Task: Retype every record exactly. Skip the images.

────────

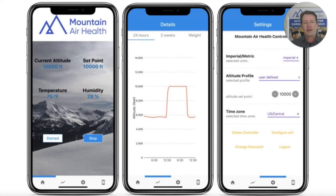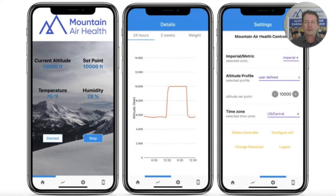Here's Dr. Peter Hackett, the head of our scientific advisory board, talking about responses to simulated altitude at the cellular level. Every cell in the body reacts to low oxygen levels.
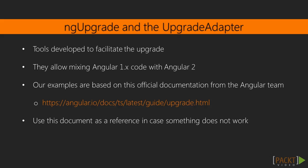ng-upgrade and the upgrade adapter are tools developed by the Angular team to facilitate the upgrade process. What they do is allow us to mix code from both versions of Angular so that we can start writing some Angular 2 code and make it work in our 1x application.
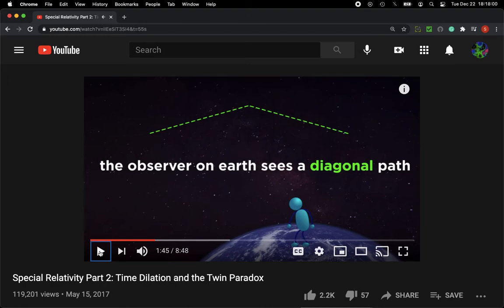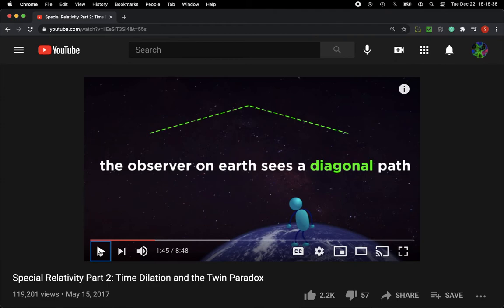Here the spaceship is traveling perpendicular to the man on earth. It's a right angle between him all the way up to the elevation where the spaceship is, and a right angle between his line of sight and the spaceship's path. I would argue that the man on earth, moving at constant velocity in the opposite direction, could also have a light clock with the same distance D between the detector and the mirror.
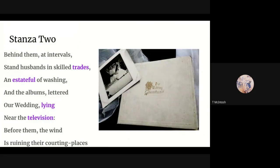Second stanza: "Behind them at intervals stand husbands in skilled trades, an estate full of washing, and the albums, lettered Our Wedding, lying near the television. Before them, the wind is ruining their courting places." Their husbands aren't really standing behind them — this is an extended metaphor, a symbolic vision for how he's seeing this organised, mechanical, defective-mechanism of post-war skilled working-class life. The husbands in skilled trades — well-paid manual labour like being an electrician or a plumber — he doesn't see those as acts of individuality the way professional classes might be. The husbands stand at regular intervals, regularly spaced, just as the women assembled.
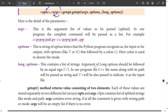Long options should be followed by an equal to sign — okay, one equal to sign. For long options, in our program, the C++ file name along with its path will be passed as a string, and 'i' will also be passed to indicate it as an input file.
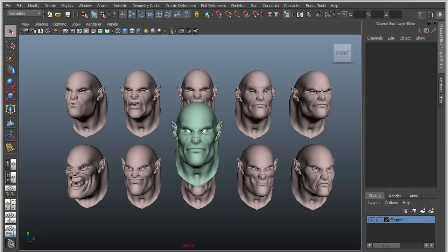Hi, this is Steven Rozelle. I'm a Solution Specialist with Autodesk, and I'm going to do a quick tutorial on how to go about editing existing blend shapes.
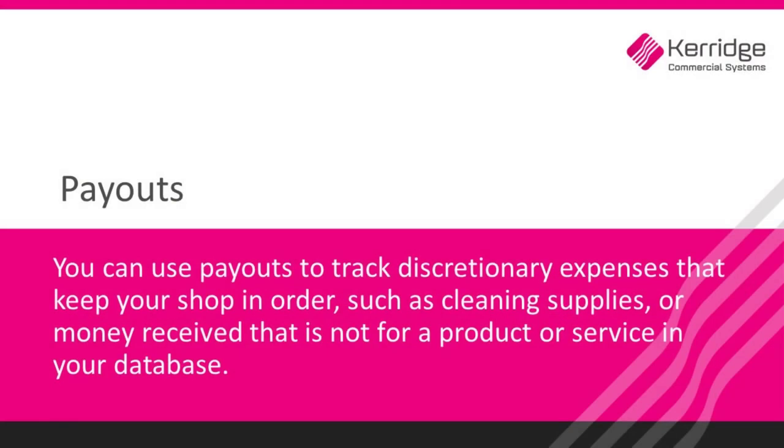You can use payouts to track discretionary expenses that keep your shop in order, such as cleaning supplies or money received that is not for a product or service in your database.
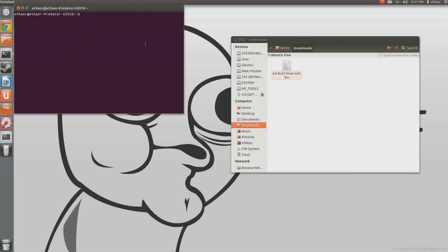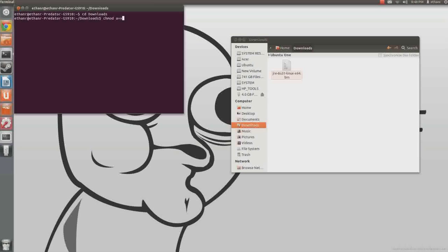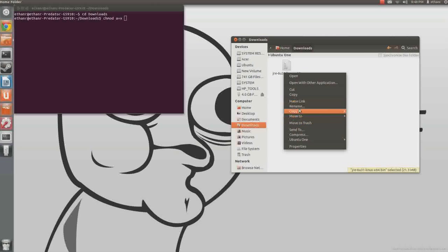So, you type in cd downloads, and then after that you type in chmod a+x and then the name of whatever it is.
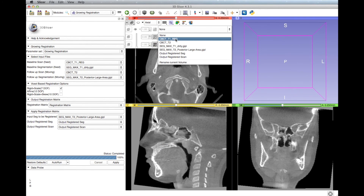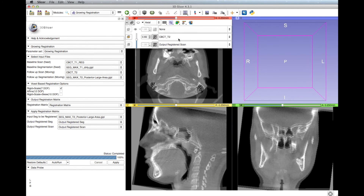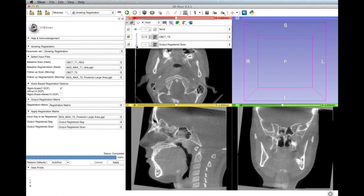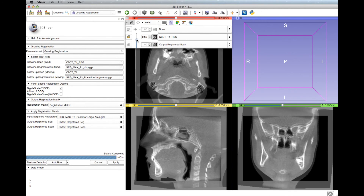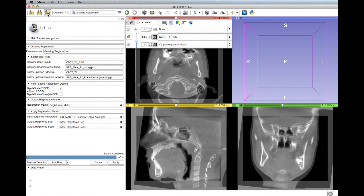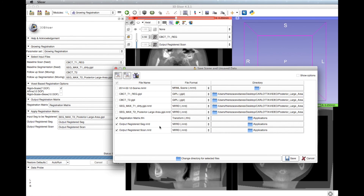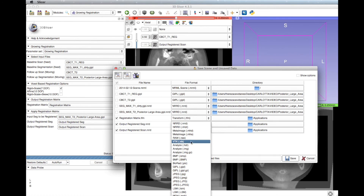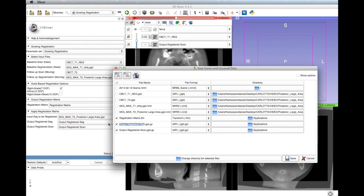Select the scans and move the crossfade bar up and down to change the transparency. Don't forget to save the files by clicking the save button at the upper left corner. Save the output registered scan, output registered segmentation, and registration matrix. If needed, change the file names, formats, and directories.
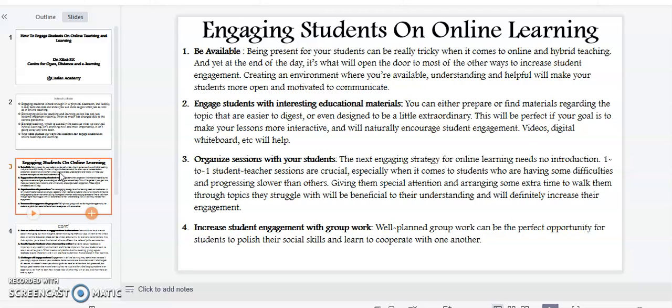Point number three: organize sessions with your students. One-to-one student-teacher sessions are crucial, especially when it comes to students who are having some difficulties and progressing slower than others. Giving them special attention and arranging some extra time to walk them through topics they struggle with will be beneficial to their understanding and will definitely increase their engagement.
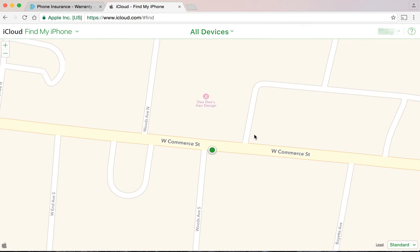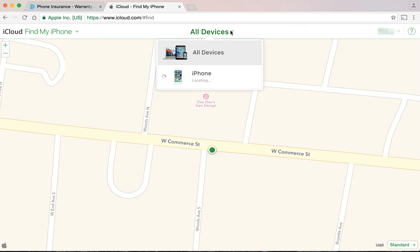If it doesn't, simply click the Find My iPhone button on the iCloud home screen. Click the down arrow next to All Devices at the top of the screen. Find the device that needs to be returned to Asurion and click on the device name.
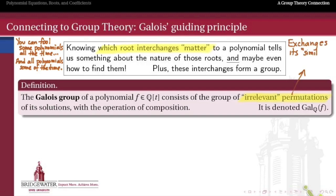The definition we make is that because these interchanges of roots are just permutation operations - they look just like elements of a symmetric group - when we equip them with the operation of composition, we get a group. That group is called the Galois group of your polynomial. It consists of those permutations of the roots which are irrelevant - those permutations that exchange roots that are similar enough. We write this as Gal_Q(f), the Galois group of the polynomial f thought of as having coefficients in the rational numbers. This is the algebraic object we attach to a polynomial that, if we understand its properties, tells us something about the roots.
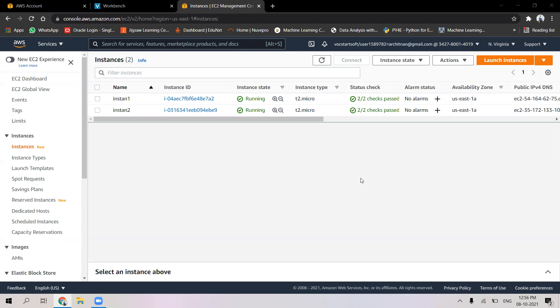Greetings to all. In this video, I'm going to continue with the creating of load balancers. The topic for this video is to create an application load balancer.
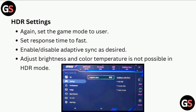HDR Settings. Again, set the Game Mode to User. Set Response Time to Fast. Enable or disable Adaptive Sync as desired. Note that adjusting Brightness and Color Temperature is not possible in HDR mode.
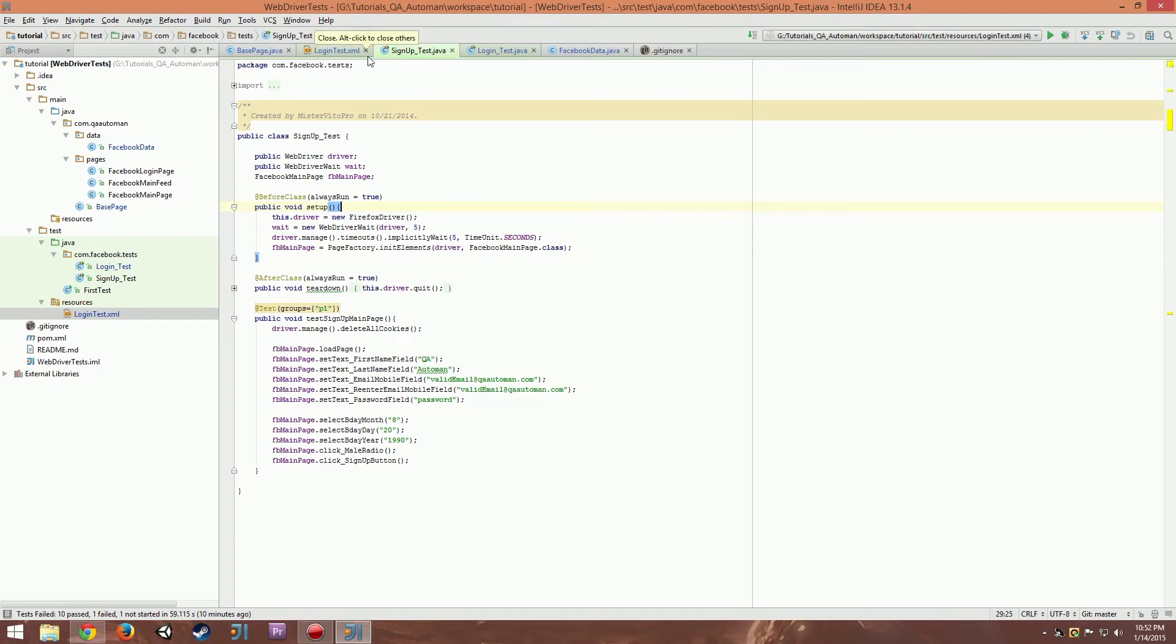Hello! Welcome to another QA Auto Man tutorial. Today we're going to talk about running our tests in parallel.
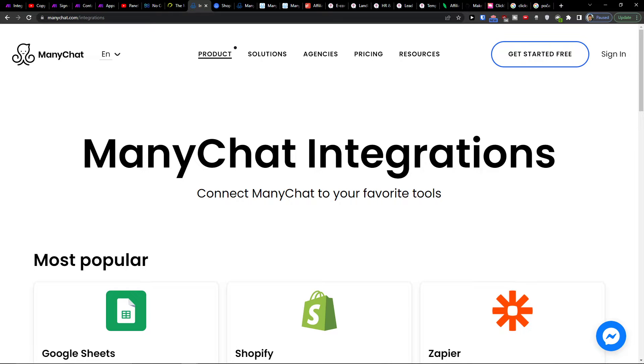Hey there guys, my name is Markus and in this video I'll show you how you can easily integrate ManyChat with Calendly.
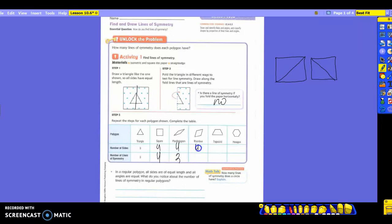What about the rhombus? How many sides? Four again. Is it going to be similar to the parallelogram? So if I divided it here, and I divided it here, how many ways? Two. What about a trapezoid? How many sides does it have? Four again. How many times can I put a line of symmetry in this one? Only one — vertically, right down the middle. So that means I'm only going to have one line of symmetry.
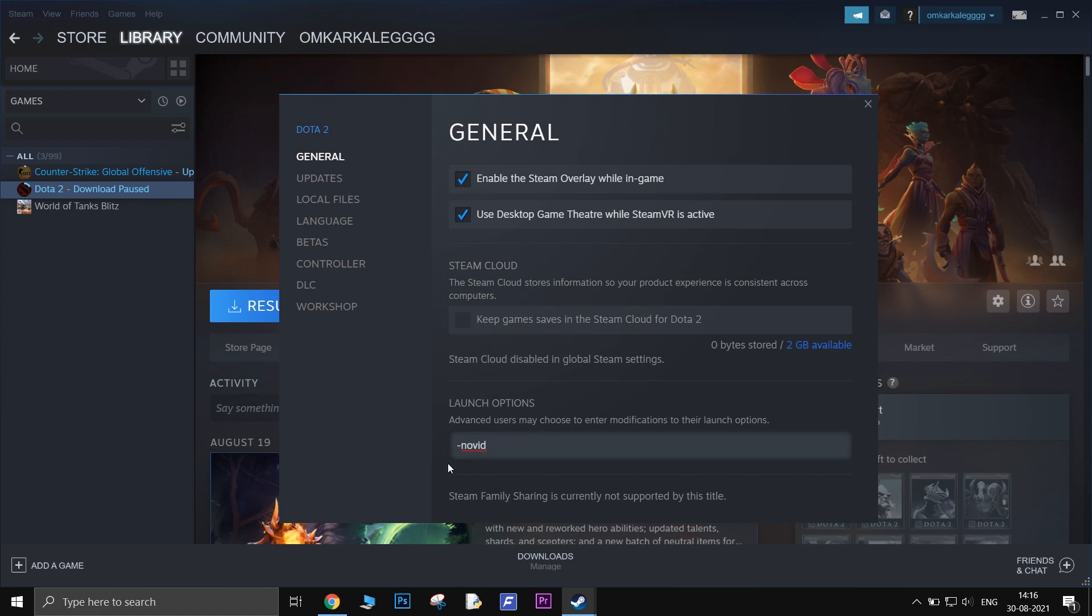The first launch option is -novid. This will skip the Dota 2 intro video and start the game directly.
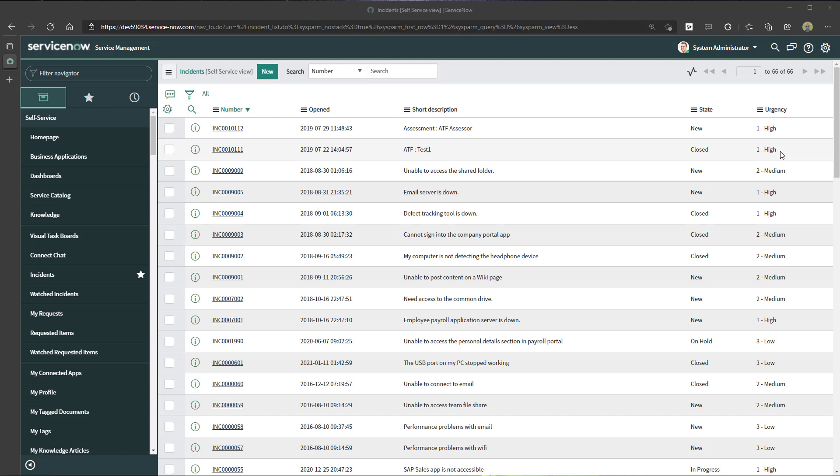Now the first thing that you want to do is determine if you are updating all records in a particular list or table, or only a subset.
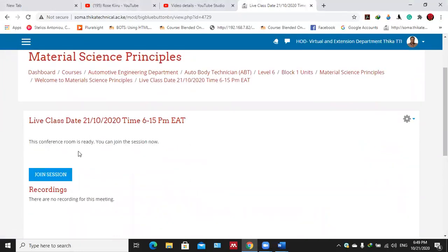Once you click on it, you'll find this response: the conference room is ready, you can join the session now. So you join the session and give it time to populate the live session.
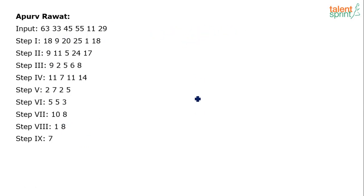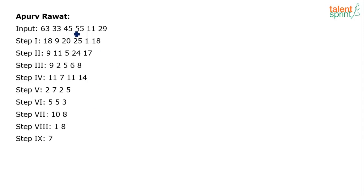The same process can be applied for the given input in the question, and whatever five questions are asked, those questions can be answered. Let's work on how this whole process works. The input has six numbers: 63, 33, 45, 55, 11, and 29.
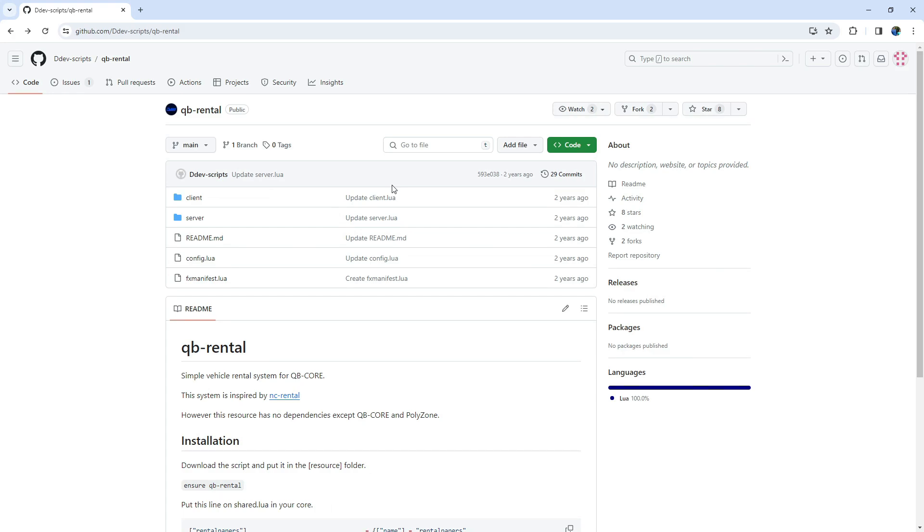Hey 5M enthusiasts! Welcome back to our development adventure. In today's video, we're diving into the world of server management with a focus on a practical script, the rental script.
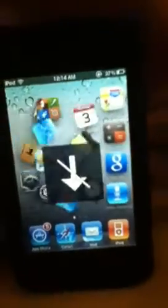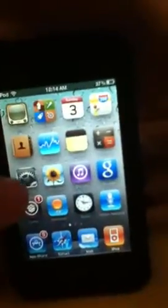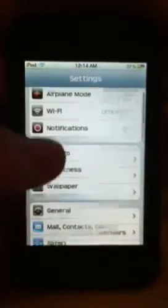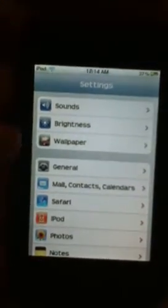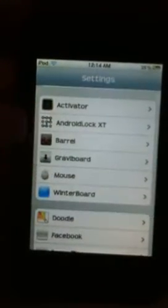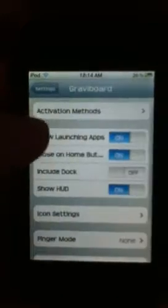And you can change the activation method. Let's go down to Kravity Board — Activation. Shake device.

────────

Response to this exercise:
Here's Dr. Peter Hackett, the head of our scientific advisory board, talking about responses to simulated altitude at the cellular level. Every cell in the body reacts to low oxygen levels.
ng-upgrade and the upgrade adapter are tools developed by the Angular team to facilitate the upgrade process. What they do is allow us to mix code from both versions of Angular so that we can start writing some Angular 2 code and make it work in our 1x application.
Here the spaceship is traveling perpendicular to the man on earth. It's a right angle between him all the way up to the elevation where the spaceship is, and a right angle between his line of sight and the spaceship's path. I would argue that the man on earth, moving at constant velocity in the opposite direction, could also have a light clock with the same distance D between the detector and the mirror.
Second stanza: "Behind them at intervals stand husbands in skilled trades, an estate full of washing, and the albums, lettered Our Wedding, lying near the television. Before them, the wind is ruining their courting places." Their husbands aren't really standing behind them — this is an extended metaphor, a symbolic vision for how he's seeing this organised, mechanical, defective-mechanism of post-war skilled working-class life. The husbands in skilled trades — well-paid manual labour like being an electrician or a plumber — he doesn't see those as acts of individuality the way professional classes might be. The husbands stand at regular intervals, regularly spaced, just as the women assembled.
Long options should be followed by an equal to sign — okay, one equal to sign. For long options, in our program, the C++ file name along with its path will be passed as a string, and 'i' will also be passed to indicate it as an input file.
Hi, this is Steven Rozelle. I'm a Solution Specialist with Autodesk, and I'm going to do a quick tutorial on how to go about editing existing blend shapes.
You can use payouts to track discretionary expenses that keep your shop in order, such as cleaning supplies or money received that is not for a product or service in your database.
So, you type in cd downloads, and then after that you type in chmod a+x and then the name of whatever it is.
Select the scans and move the crossfade bar up and down to change the transparency. Don't forget to save the files by clicking the save button at the upper left corner. Save the output registered scan, output registered segmentation, and registration matrix. If needed, change the file names, formats, and directories.
Point number three: organize sessions with your students. One-to-one student-teacher sessions are crucial, especially when it comes to students who are having some difficulties and progressing slower than others. Giving them special attention and arranging some extra time to walk them through topics they struggle with will be beneficial to their understanding and will definitely increase their engagement.
If it doesn't, simply click the Find My iPhone button on the iCloud home screen. Click the down arrow next to All Devices at the top of the screen. Find the device that needs to be returned to Asurion and click on the device name.
The definition we make is that because these interchanges of roots are just permutation operations - they look just like elements of a symmetric group - when we equip them with the operation of composition, we get a group. That group is called the Galois group of your polynomial. It consists of those permutations of the roots which are irrelevant - those permutations that exchange roots that are similar enough. We write this as Gal_Q(f), the Galois group of the polynomial f thought of as having coefficients in the rational numbers. This is the algebraic object we attach to a polynomial that, if we understand its properties, tells us something about the roots.
Greetings to all. In this video, I'm going to continue with the creating of load balancers. The topic for this video is to create an application load balancer.
HDR Settings. Again, set the Game Mode to User. Set Response Time to Fast. Enable or disable Adaptive Sync as desired. Note that adjusting Brightness and Color Temperature is not possible in HDR mode.
Hello! Welcome to another QA Auto Man tutorial. Today we're going to talk about running our tests in parallel.
Hey there guys, my name is Markus and in this video I'll show you how you can easily integrate ManyChat with Calendly.
What about the rhombus? How many sides? Four again. Is it going to be similar to the parallelogram? So if I divided it here, and I divided it here, how many ways? Two. What about a trapezoid? How many sides does it have? Four again. How many times can I put a line of symmetry in this one? Only one — vertically, right down the middle. So that means I'm only going to have one line of symmetry.
The first launch option is -novid. This will skip the Dota 2 intro video and start the game directly.
Now the first thing that you want to do is determine if you are updating all records in a particular list or table, or only a subset.
Once you click on it, you'll find this response: the conference room is ready, you can join the session now. So you join the session and give it time to populate the live session.
The same process can be applied for the given input in the question, and whatever five questions are asked, those questions can be answered. Let's work on how this whole process works. The input has six numbers: 63, 33, 45, 55, 11, and 29.
Hey 5M enthusiasts! Welcome back to our development adventure. In today's video, we're diving into the world of server management with a focus on a practical script, the rental script.
And you can change the activation method. Let's go down to Kravity Board — Activation. Shake device.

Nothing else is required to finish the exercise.